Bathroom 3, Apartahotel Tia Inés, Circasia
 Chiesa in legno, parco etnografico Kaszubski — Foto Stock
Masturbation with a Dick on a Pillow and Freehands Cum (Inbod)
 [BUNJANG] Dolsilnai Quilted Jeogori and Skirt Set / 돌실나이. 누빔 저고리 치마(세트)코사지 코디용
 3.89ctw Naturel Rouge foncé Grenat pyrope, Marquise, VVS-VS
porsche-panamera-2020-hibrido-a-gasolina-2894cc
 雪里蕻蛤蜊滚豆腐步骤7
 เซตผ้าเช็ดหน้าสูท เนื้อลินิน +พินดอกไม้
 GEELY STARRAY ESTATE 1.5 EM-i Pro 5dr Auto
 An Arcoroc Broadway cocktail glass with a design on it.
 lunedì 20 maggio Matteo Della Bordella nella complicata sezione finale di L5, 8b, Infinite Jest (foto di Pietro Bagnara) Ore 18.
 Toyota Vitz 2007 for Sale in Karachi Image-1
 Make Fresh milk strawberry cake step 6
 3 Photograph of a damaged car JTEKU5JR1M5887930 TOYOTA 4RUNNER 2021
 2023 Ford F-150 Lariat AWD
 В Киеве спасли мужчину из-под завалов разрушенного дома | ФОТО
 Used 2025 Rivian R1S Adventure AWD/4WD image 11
┄┄┄┄┄┄
Word for word, quote the lines from the line containing "Toyota Vitz 2007 for Sale in Karachi Image-1" through the end of the material, both included, and nothing else.

§ **ANSWER FOR THE TASK**:
 Toyota Vitz 2007 for Sale in Karachi Image-1
 Make Fresh milk strawberry cake step 6
 3 Photograph of a damaged car JTEKU5JR1M5887930 TOYOTA 4RUNNER 2021
 2023 Ford F-150 Lariat AWD
 В Киеве спасли мужчину из-под завалов разрушенного дома | ФОТО
 Used 2025 Rivian R1S Adventure AWD/4WD image 11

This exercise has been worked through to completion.